Only, if you're kidding. 

Their promo photos never look like the actual ones. I'm guessing around the iPhone 10S we finally see the death of the P&S. 

I've been less than impressed with the camera on the 5.


----------



## comsense (Sep 11, 2013)

kennephoto said:


> I hate my iPhone 5, the 5s should have been the iPhone 5 no doubt. So now I will wait for the 6. Damn you apple! But thanks for sharing the specs on the camera on the 5s looks like a decent step forward for apple. Finally starting to show me what I expected from apple.


Its never worth to upgrade every year anyways (unless you are fanboy), esp. with costs involved in breaking the 2 yr contract (assuming you are in US). 
I too hate apple for high handedness and product hysteria they whip up but I hate other smartphones more (and yes, I have tried all dead/alive mobile OSs)


----------



## batotman (Sep 11, 2013)

Fleetie said:


> Well the interesting point for us lot is that they decided NOT to increase megapixels, but instead stayed at 8MP, and increased the size of the sensor and so the size of the pixels.
> 
> Also, the lens is now f/2.2 .
> 
> ...



The 5 has f2.4, not much difference. It's digital IS, not optical. 

At least the flash might be usable. The current one is utterly useless.


----------



## comsense (Sep 11, 2013)

batotman said:


> Only, if you're kidding.
> 
> Their promo photos never look like the actual ones. I'm guessing around the iPhone 10S we finally see the death of the P&S.


P&S are not going to die even with iphone 10S. Due to size (thickness) constraint, iphones will never be able to match the IQ of P&S projecting current technologies. 
They will just see a major dip in sales and their turf taken by shrinking and improving mirrorless cameras


----------



## Pi (Sep 11, 2013)

comsense said:


> P&S are not going to die even with iphone 10S. Due to size (thickness) constraint, iphones will never be able to match the IQ of P&S projecting current technologies.



Also, it depends which P&S we are talking about. The more advanced ones, like the Lumix ones and such are far ahead of anything that a smartphone can do.


----------



## Zv (Sep 11, 2013)

I didn't know about the IS, will need to read more about that. However I did read that the sensor is 15% larger and the aperture of the lens has gone from f/2.5 to f/2.2. All that equates to a 33% increase in light sensitivity. Sounds good but isn't that just 1/3 of a stop more? We all know how insignificant that really is. Might make a small difference in low light situations? (I think I'll do an experiment ...)

10fps sounds like 1DX territory but it takes 10 and spits out a few of the best. So you don't actually get to keep the full 10? And what is the buffer like? Does it take 10 then shut down or let you shoot continuous for longer than 1s? Could just be marketing gimmekry. 

The iphone5 camera (what i have) is pretty good and I wont be upgrading anytime soon.
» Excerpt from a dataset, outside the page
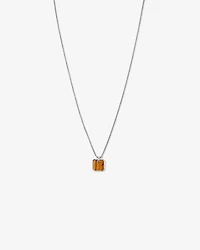 Tiger’s Eye Square Pendant Necklace in Sterling Silver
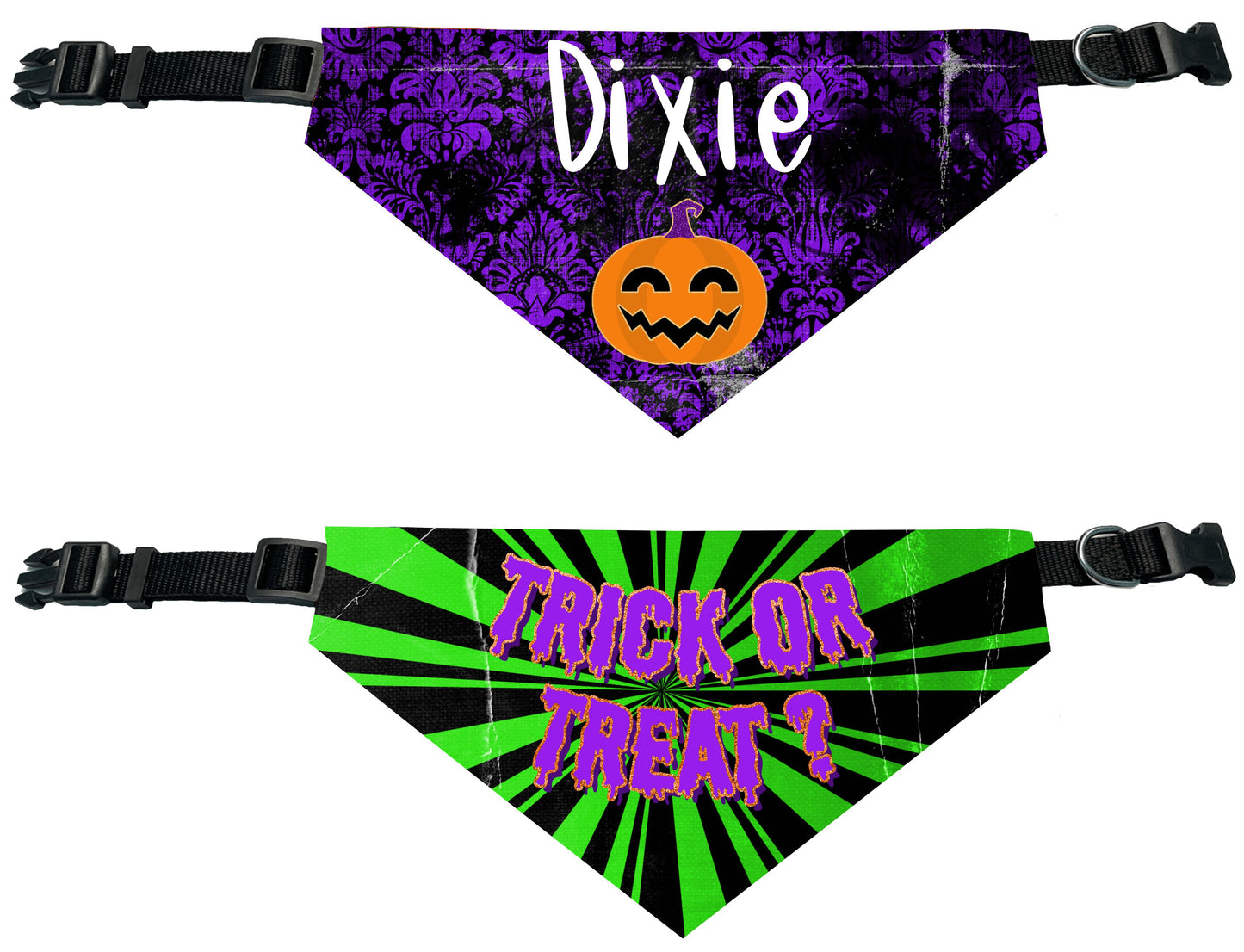 Personalized Bright Halloween Bandana with collar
Especially not for 1/3 of a stop and one extra LED! 

The improvements are welcome though and it's nice to see Apple thinking about photographers and not just bumping up the resolution.


----------



## Brand B (Sep 11, 2013)

There is actually a pretty spiffy app called Snappycam pro that gets you better than 10 frames per second on current and older iOS devices. Works similarly to what they showed for iOS 7 today.


----------



## dgatwood (Sep 11, 2013)

unfocused said:


> New iPhone:
> 10 frames per second; in-camera stabilization, white and amber flashes that can be balanced with ambient light, f2.2 lens, larger sensor, slow-motion video. (If I got the specs right)



I've been wishing for years that DSLR flashes would adjust their white point to match the available lighting. Here's hoping that at least the concept (though certainly not the implementation) will end up in Speedlite flashes one of these years.




unfocused said:


> Is this the final nail in the coffin for Powershots and other Point and Shoots?



I pretty much declared those dead five years ago.




unfocused said:


> Should Canon and Nikon worry about their DSLR sales? Try to think outside your own personal prejudices and look at it objectively. What do you think?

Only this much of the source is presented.